• _RECORDS FOR PROCESSING_:
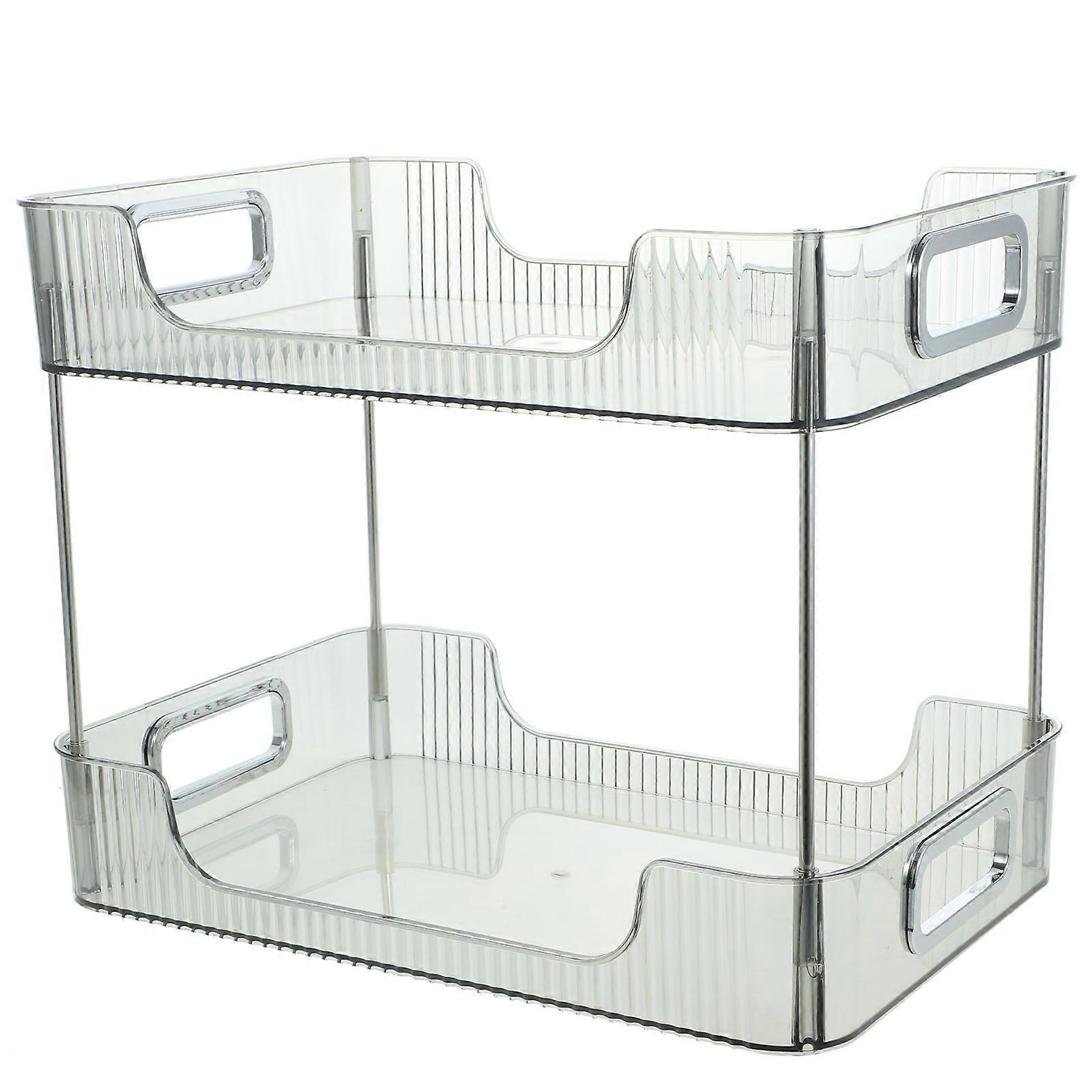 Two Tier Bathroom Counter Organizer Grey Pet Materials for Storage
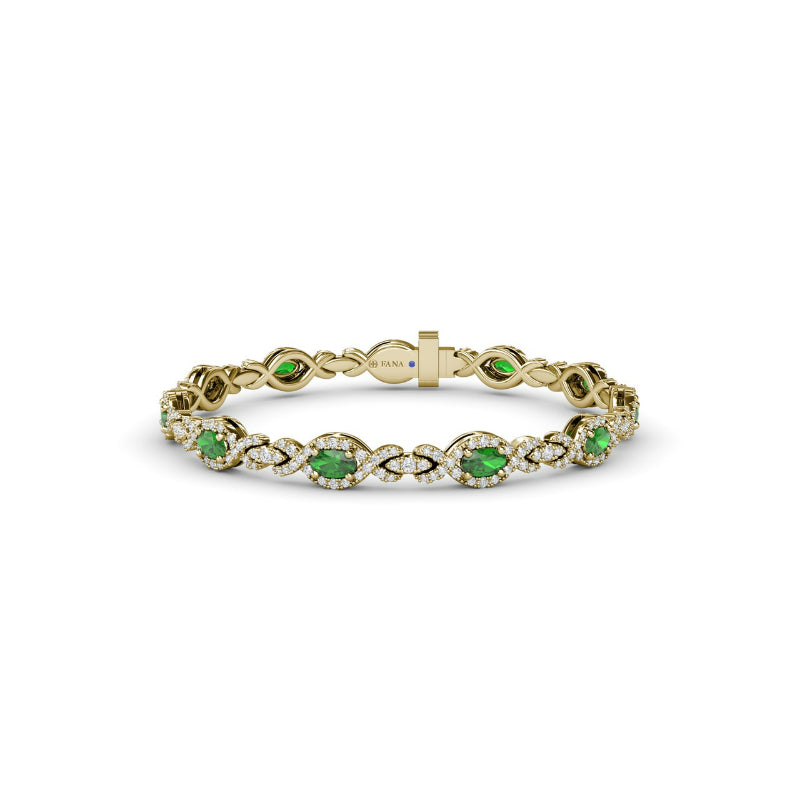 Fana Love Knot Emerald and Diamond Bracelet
---
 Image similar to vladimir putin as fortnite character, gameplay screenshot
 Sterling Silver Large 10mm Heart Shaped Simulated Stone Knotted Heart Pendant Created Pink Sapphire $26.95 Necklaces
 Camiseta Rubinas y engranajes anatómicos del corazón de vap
...
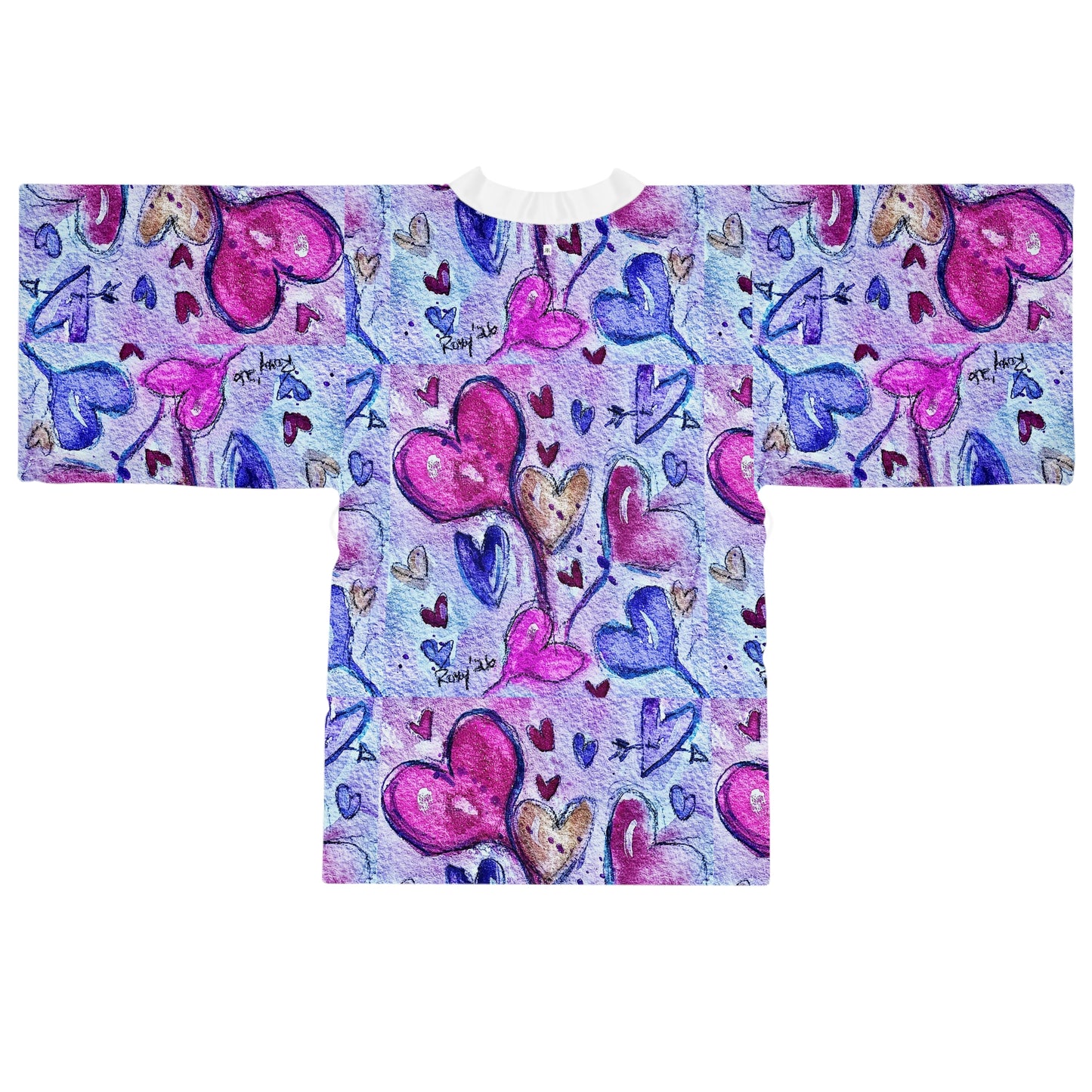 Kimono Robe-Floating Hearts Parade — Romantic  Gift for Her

• _TASK PROMPT_:
Go back to the lines above and output, exactly as they stand, the ones from the line containing "Two Tier Bathroom" to the line containing "Fana Love Knot Emerald and Diamond Bracelet". Leave all pictures behind.

• _PROBLEM SOLUTION_:
 Two Tier Bathroom Counter Organizer Grey Pet Materials for Storage
 Fana Love Knot Emerald and Diamond Bracelet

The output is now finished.